Unions seek 5% increase to minimum wage

Employers slam union proposal as 'self-defeating'

Unions seek 5% increase to minimum wage

The Australian Council of Trade Unions (ACTU) has announced that it is seeking a five per cent increase to the minimum wage in a new proposal that employers slammed as "self-defeating."

ACTU's submission to the upcoming Annual Wage Review is proposing to lift Australia's minimum wage to $26.19 per hour, raising the annual full-time rate by $2,465 to $51,761.

The union attributed the increase to cost-of-living pressures, such as rent and power prices, in addition to high petrol prices and a hike in interest rates amid the conflict in the Middle East.

"Everyone knows the lowest paid workers in Australia are doing it tough because they have borne the brunt of cost-of-living increases as landlords put up rent and supermarkets and fuel companies pumped up prices to inflate their profits," said ACTU Secretary Sally McManus in a statement.

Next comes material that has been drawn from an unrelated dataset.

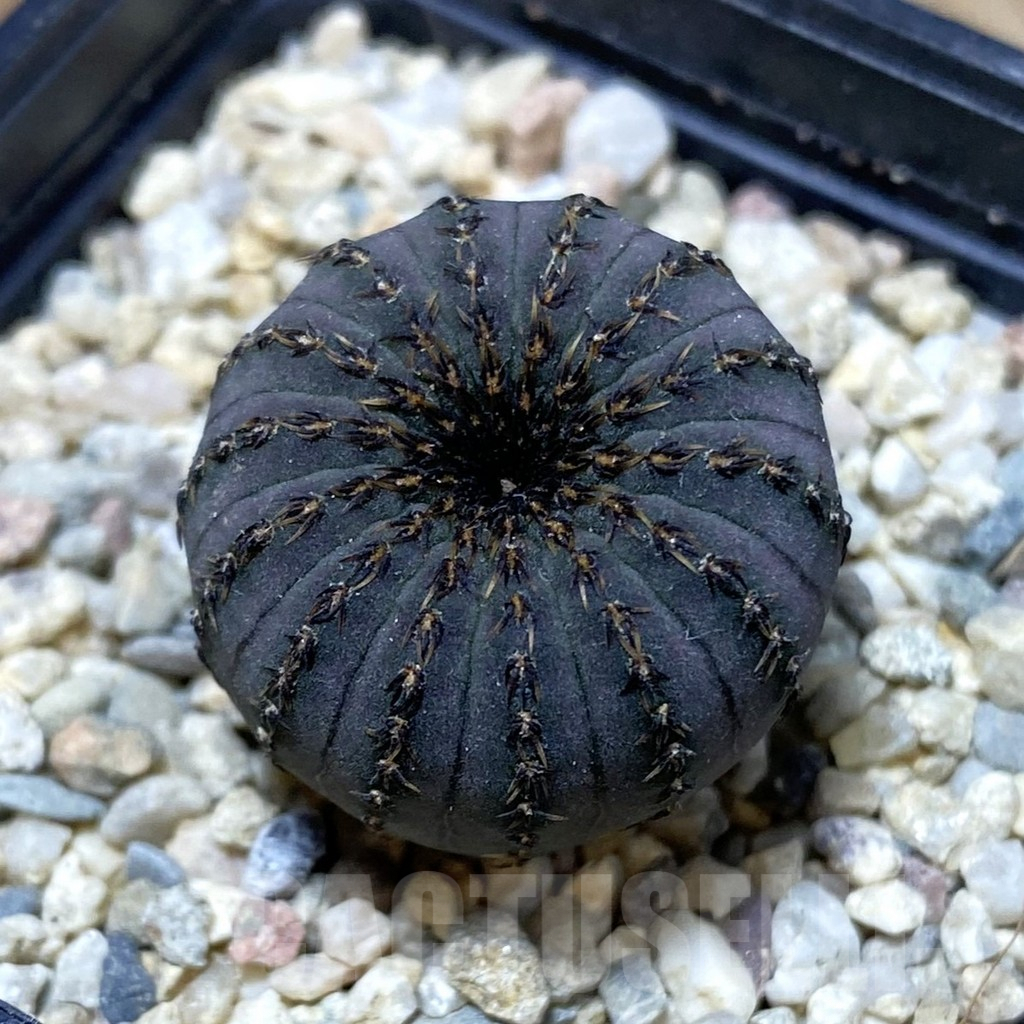 SH2376 Frailea asterioides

"Working Australians need pay rises that get them ahead of inflation so they can continue to catch up."

'Self-defeating' wage hike proposal

But employers across Australia criticised the union's proposal as unjustified, warning that a five-per-cent wage hike will only add to inflation.

"We think a claim for five per cent or more increase in wages by the ACTU, that's self-defeating. It can't be justified in the economic circumstances," said Andrew McKellar, chief executive officer of the Australian Chamber of Commerce and Industry (ACCI), on Tuesday.

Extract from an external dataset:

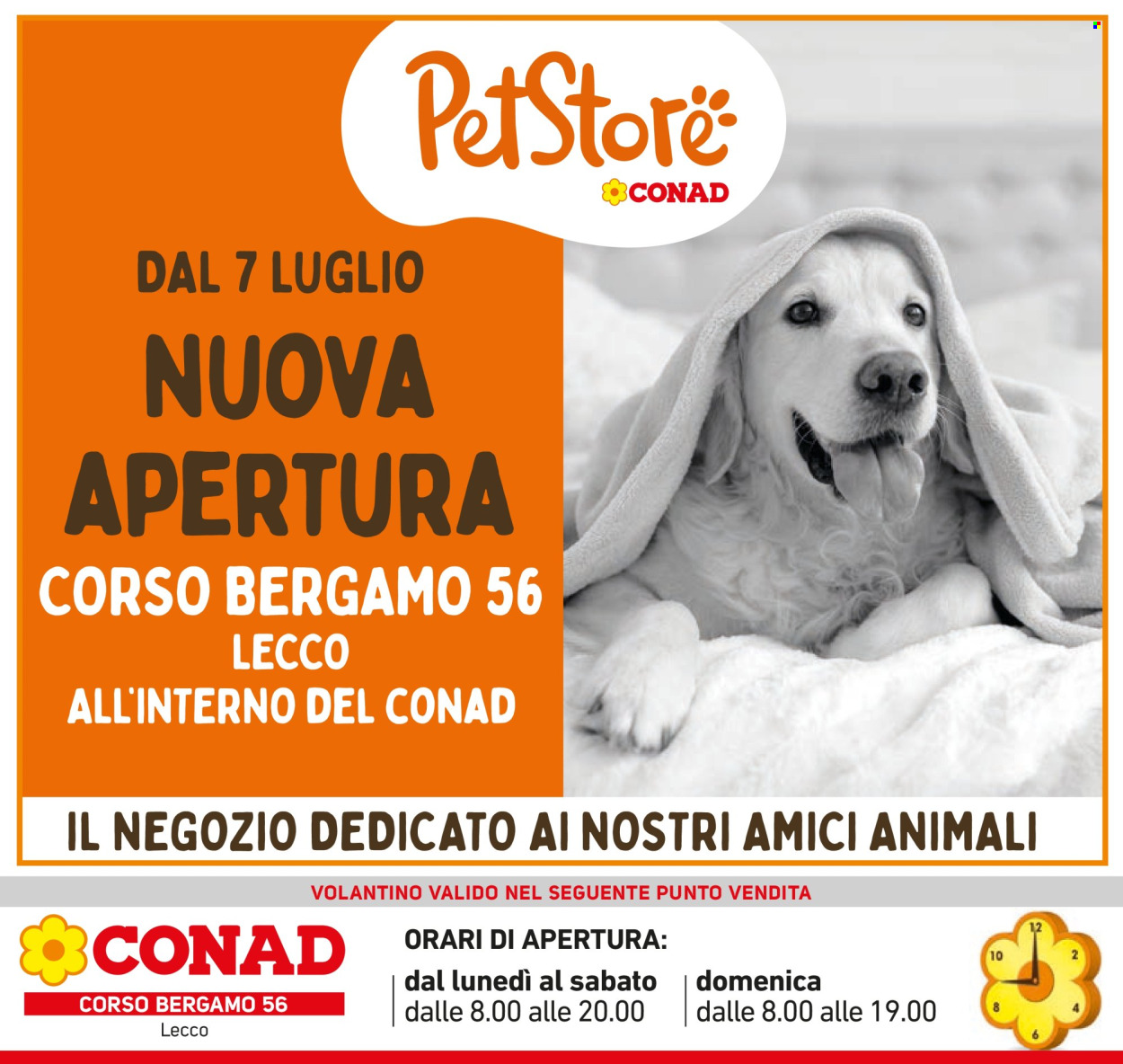 Volantino Conad - 2/7/2025 - 15/7/2025. Pagina 38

Australia's Consumer Price Index rose 3.7% in the 12 months to February 2026, according to the Australian Bureau of Statistics. 

But economists warn that the conflict in the Middle East can drive headline inflation to 4.6% in the June quarter before it eases back to 3.9% by year-end.

McKellar warned that a five per cent minimum wage hike will only "tip fuel onto the inflation fire that we're already seeing."

"That'll only put higher pressure on interest rates in the months ahead," he added. "So, we think it's completely unjustified. It won't be good for the Australian economy."

The ACCI will be proposing an increase of around 3.5%, according to McKellar. They aim to submit the proposal to the Fair Work Commission by the end of the week.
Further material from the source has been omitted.